Although, acetylene has been used at very high dose levels as an anaesthetic gas in human surgery and is generally considered as an asphyxiant (ACGIH 2001) without significant biotransformation, it has been shown that acetylene is actually metabolised to acetic acid, albeit to a very small extent (White, 1978). A highly reactive ketene intermediate may be formed but very rapidly transformed to acetic acid and it was estimated that no more than 1% of the inhaled amount of acetylene in humans is metabolised to acetic acid (see Appendix 1 to the CSR for detailed calculation; ten Berge, 2009). Therefore although acetylene, per se, may be considered devoid of developmental and reproductive potential, a more detailed consideration of the developmental and reproductive potential of its metabolite, acetic acid may be appropriate.

Acetic acid, a natural product, is a critical intermediate of primary metabolic processes such as the citric acid cycle and it has been calculated (see Appendix 1 to the CSR for detailed calculations; ten Berge, 2009) that the rate of formation of acetic acid in humans, due to exposure to 2500 ppm acetylene, is negligible compared the endogenous usage of acetic acid. It seems unlikely therefore that any systemic toxicity, including reproduction and developmental effects will be associated with the relatively small amounts of acetic acid derived from acetylene.

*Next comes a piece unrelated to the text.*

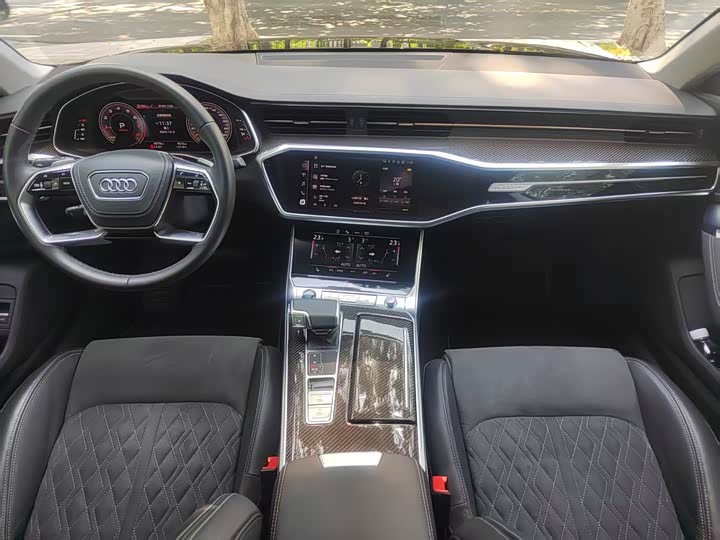 Audi A7L 2024 2024款 45 TFSI quattro 奢享型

Consistent with these considerations, a recent review of acetic acid (EUDAR, 2008) concluded the following with respect to developmental and reproduction endpoints.

Developmental studies in 3 species detected no evidence for a primary embryotoxic or teratogenic potential of acetic acid.

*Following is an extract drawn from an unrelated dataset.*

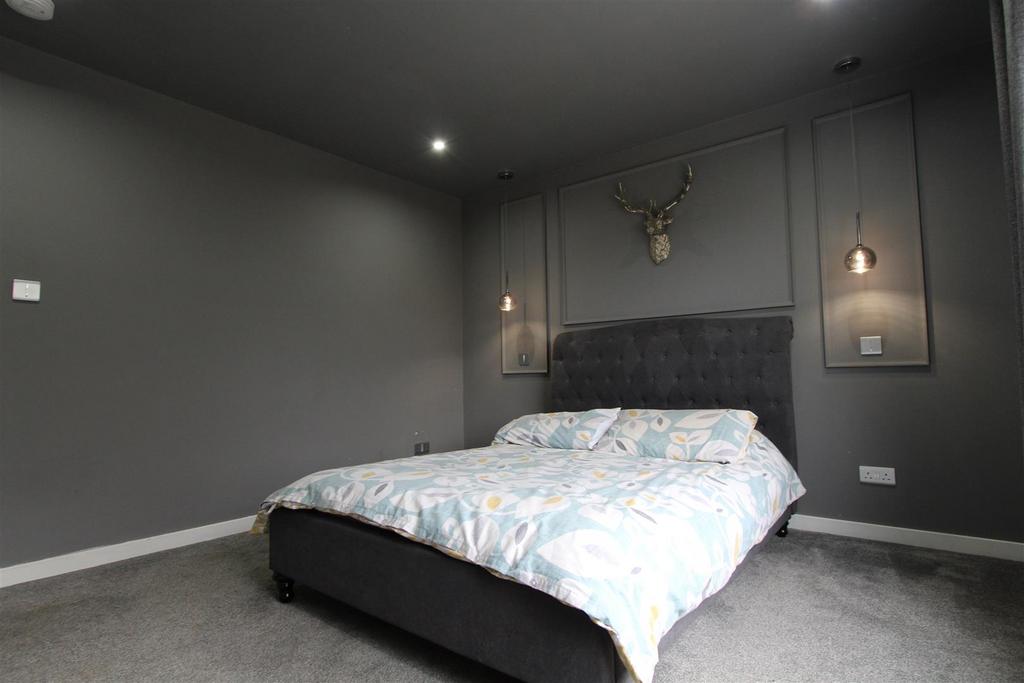 Bedroom 1.1.JPG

Considering that all humans are exposed from various foods throughout life and that acetic acid is a physiological metabolite in all living organisms, generational reproductive tests with animals are not deemed necessary.”

Therefore there is no evidence that acetic acid has developmental or reproductive potential.

Overall, there is a sufficient weight of evidence to conclude that there is no reproductive or developmental toxicity potential for humans exposed to concentrations of acetylene, up to concentrations of at least 2,500ppm (see Appendix 1 to the CSR for detailed calculations; ten Berge, 2009).


Short description of key information:
There is a sufficient weight of evidence to conclude that there is no reproductive toxicity potential for humans exposed to concentrations of acetylene, up to concentrations of at least 2,500ppm

Effects on developmental toxicity

Description of key information
There is a sufficient weight of evidence to conclude that there is no developmental toxicity potential for humans exposed to concentrations of acetylene, up to concentrations of at least 2,500ppm
Effect on developmental toxicity: via oral route
Endpoint conclusion:
no study available
Effect on developmental toxicity: via inhalation route
Endpoint conclusion:
no study available
Effect on developmental toxicity: via dermal route
Endpoint conclusion:
no study available
Additional information

See above (reproductive toxicity)

Justification for classification or non-classification

No classification is warranted under CLP as there is sufficient weight of evidence to conclude that there is no potential for reproductive or developmental toxicity.